I read online that others have had problems when building or updating the OS itself from 9.0 to 9.1 due to not having thread local storage enabled in 9.0 libraries, but nothing on ports or packages.

I am just wondering what my options are to restore the system to a relatively healthy state.  I realize that pkg_upgrade(1) had made backup of packages (as .tbz) to /usr/ports/packages/pkg_upgrade-backup. If restoring the backups is an option, what is a proper or decent way to restore them?

Thanks in advance!

Alvin


----------



## cpm@ (May 14, 2013)

FreeBSD 9.0 reached EOL (End-Of-Life) on March 31, 2013. Please, upgrade your system to 9.1.


----------



## DutchDaemon (May 15, 2013)

Search the forums for "_ThreadRuneLocale" instead of starting another topic.


----------



## aspoon (May 15, 2013)

cpu82 said:
			
		

> FreeBSD 9.0 reached EOL (End-Of-Life) on March 31, 2013. Please, upgrade your system to 9.1.


9.0-RELEASE, possibly.  But 9.0-RELEASE-*p7* (security update via freebsd-update) should not be EOL.



			
				DutchDaemon said:
			
		

> Search the forums for "_ThreadRuneLocale" instead of starting another topic.


The other threads are about problems with rebuilding world from 9.0 to 9.1, or recompiling pkg after upgrading from 9.0 to 9.1.  I'm looking for some insight to my options, like:

This is how you can restore from the pkg_upgrade backups without breaking dependencies.
I can only fix it by rebuilding my packages from ports instead of using pkg_upgrade.
I have no choice but to upgrade to 9.1.  Things will fall into places after the upgrade.

Thanks!

Alvin


----------



## kpa (May 15, 2013)

aspoon said:
			
		

> 9.0-RELEASE, possibly.  But 9.0-RELEASE-*p7* (security update via freebsd-update) should not be EOL.
> 
> 
> The other threads are about problems with rebuilding world from 9.0 to 9.1, or recompiling pkg after upgrading from 9.0 to 9.1.  I'm looking for some insight to my options, like:
> ...



Support for a particular version of FreeBSD is determined by the major and minor version numbers, the patchlevel is not taken into account. 9.0-RELEASE-p7 is no longer supported simply because the branch that was used for pushing out the security/errata fixes (RELENG_9_0) is no longer receiving any updates.

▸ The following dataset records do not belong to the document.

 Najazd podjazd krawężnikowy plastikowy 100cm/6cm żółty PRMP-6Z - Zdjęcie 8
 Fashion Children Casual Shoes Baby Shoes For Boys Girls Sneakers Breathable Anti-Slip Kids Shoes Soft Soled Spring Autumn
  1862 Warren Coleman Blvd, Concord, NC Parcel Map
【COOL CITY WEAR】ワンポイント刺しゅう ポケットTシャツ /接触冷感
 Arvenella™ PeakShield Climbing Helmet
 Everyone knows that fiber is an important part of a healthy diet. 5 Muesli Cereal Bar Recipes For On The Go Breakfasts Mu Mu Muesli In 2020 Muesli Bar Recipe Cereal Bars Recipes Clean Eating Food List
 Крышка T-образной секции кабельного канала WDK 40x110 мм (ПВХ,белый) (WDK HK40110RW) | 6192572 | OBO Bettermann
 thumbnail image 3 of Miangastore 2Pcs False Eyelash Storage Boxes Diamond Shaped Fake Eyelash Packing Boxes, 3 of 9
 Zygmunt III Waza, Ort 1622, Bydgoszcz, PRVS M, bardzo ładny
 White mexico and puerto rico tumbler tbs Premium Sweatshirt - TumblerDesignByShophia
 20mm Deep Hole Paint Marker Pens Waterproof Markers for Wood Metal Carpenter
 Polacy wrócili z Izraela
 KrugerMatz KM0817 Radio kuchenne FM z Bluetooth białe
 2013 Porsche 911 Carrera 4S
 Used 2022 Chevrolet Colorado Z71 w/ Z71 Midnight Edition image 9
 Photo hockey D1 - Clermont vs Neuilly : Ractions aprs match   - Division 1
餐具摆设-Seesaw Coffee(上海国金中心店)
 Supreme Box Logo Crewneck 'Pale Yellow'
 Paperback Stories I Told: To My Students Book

http://www.freebsd.org/security/unsupported.html


----------



## aspoon (May 15, 2013)

I know I shouldn't complain about a great piece of free software like FreeBSD, but a 3-month window for an upgrade-or-else (Dec 2012 for 9.1-RELEASE to Mar 2013 for 9.0-RELEASE EOL)?  I know it's been the general practice for normal, non-extended support.  But it also makes it so much harder to promote the use of FreeBSD for the uninitiated from a more practical perspective.

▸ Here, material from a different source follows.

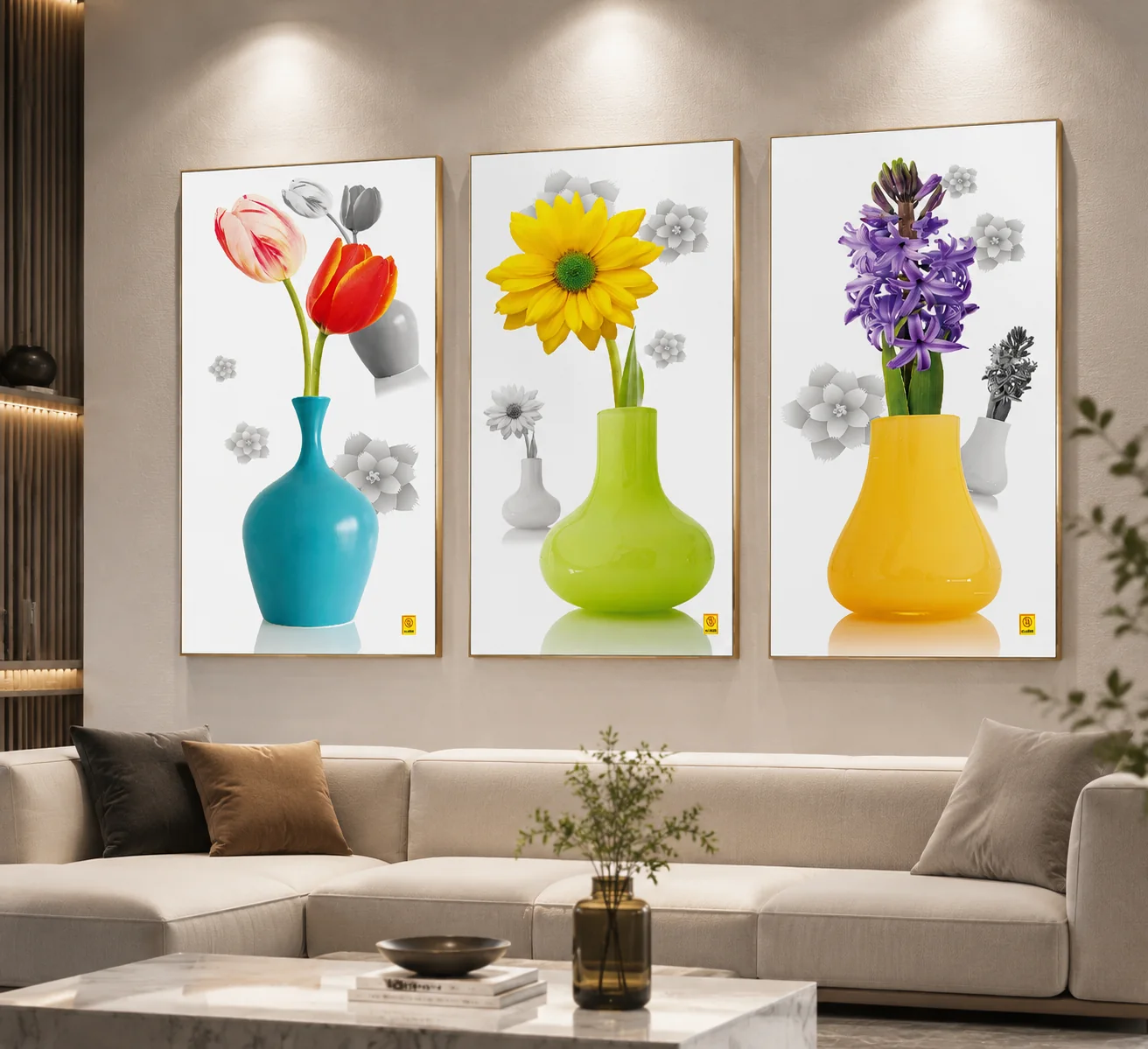 Graphene Far-Infrared Wall Heating Art Panel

With that said, I've taken the `freebsd-update upgrade -r 9.1-RELEASE` route.  Hopefully it'll go smoothly.


----------



## kpa (May 15, 2013)

9.0 was a bit special release like all the X.0 releases have been. It was expected that it would have a shorter lifespan than the following releases in the same series. The reason is that the X.0 releases are less well tested code being almost a straight copy from the HEAD branch from the same time period.


----------



## chatwizrd (May 15, 2013)

I wouldn*'*t mind FreeBSD having a LTS branch like Ubuntu does. That would be nice.


----------



## kpa (May 15, 2013)

The X.1 releases have been the longer supported ones in general. The problem is really that there's not enough manpower to backport security and other fixes to older releases like in Ubuntu LTS.


----------